Oops, "COMPLIANT if the value of dwc:year lies between optionally-provided begin and end years;"

tucotuco commented 5 years ago

Or better still, "COMPLIANT if the value of dwc:year does not extend outside optionally-provided begin and end years;"

tucotuco commented 5 years ago

I have taken the liberty to edit the Parameter(s) to be explicit about what the parameters are and what their default values are. Was, "Default values = 1600 and current year". Changed to, "Default values: earliest year = 1600, latest year = current year".

tucotuco commented 5 years ago

Following the discussions arising from the event date case study for the BISS paper, I believe that this test should be deprecated in favor of an updated TG2-VALIDATION_YEAR_NOTSTANDARD (https://github.com/tdwg/bdq/issues/141).

ArthurChapman commented 5 years ago

Agreed - fix wording in #141 and deprecate this one

Tasilee commented 5 years ago

I also agree to deprecate #84

tucotuco commented 5 years ago

Deprecated.

chicoreus commented 5 years ago

See comments in #141, this test is for a different concept that #141 and should not have been merged. Go back to the diagram of date tests we drew on the board in Gainesville. #141 paralells and amendment to convert unambigously interpretable text into years and should not be parameterized. #84 simply tests validly formatted integer years against range and should be parameterized.

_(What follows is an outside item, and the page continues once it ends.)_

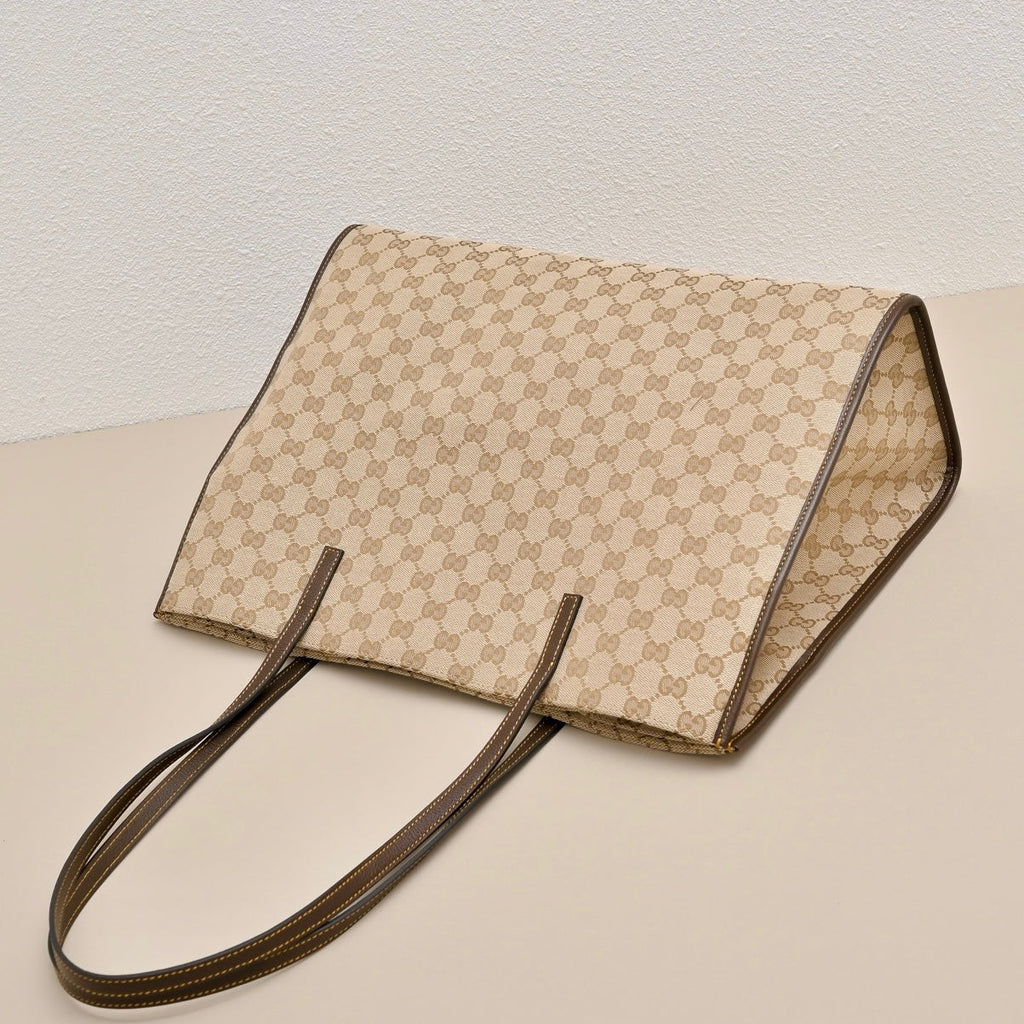 Gucci GG Londra Large Tote Bag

chicoreus commented 5 years ago

The dimension for this test is not Conformance, but Likelyness - it is possible, but unlikely, that the date specified is outside the range specified. This is not a test of conformance to a standard (an integer), but a test of whether the event occurs within a likely range of years.

I suspect that the wrong test got closed, and we should use #84 instead of #141 (instead of merging the specification of #84 into #141 but retaining #141's now missleading name and dimension.

Tasilee commented 5 years ago

We have been inconsistent in regards the usage of NOTSTANDARD and OUTOFRANGE. We have used the former where we are matching a vocab of sorts. We have used the latter on numeric values. We have used both types for dwc:eventDate and dwc:dateIdentified - which is certainly fair. Considering what has been written against dwc:year (#141), dwc::month (#126) and dwc:day (#147), we have tried to cover both syntax and range issues under NOTSTANDARD.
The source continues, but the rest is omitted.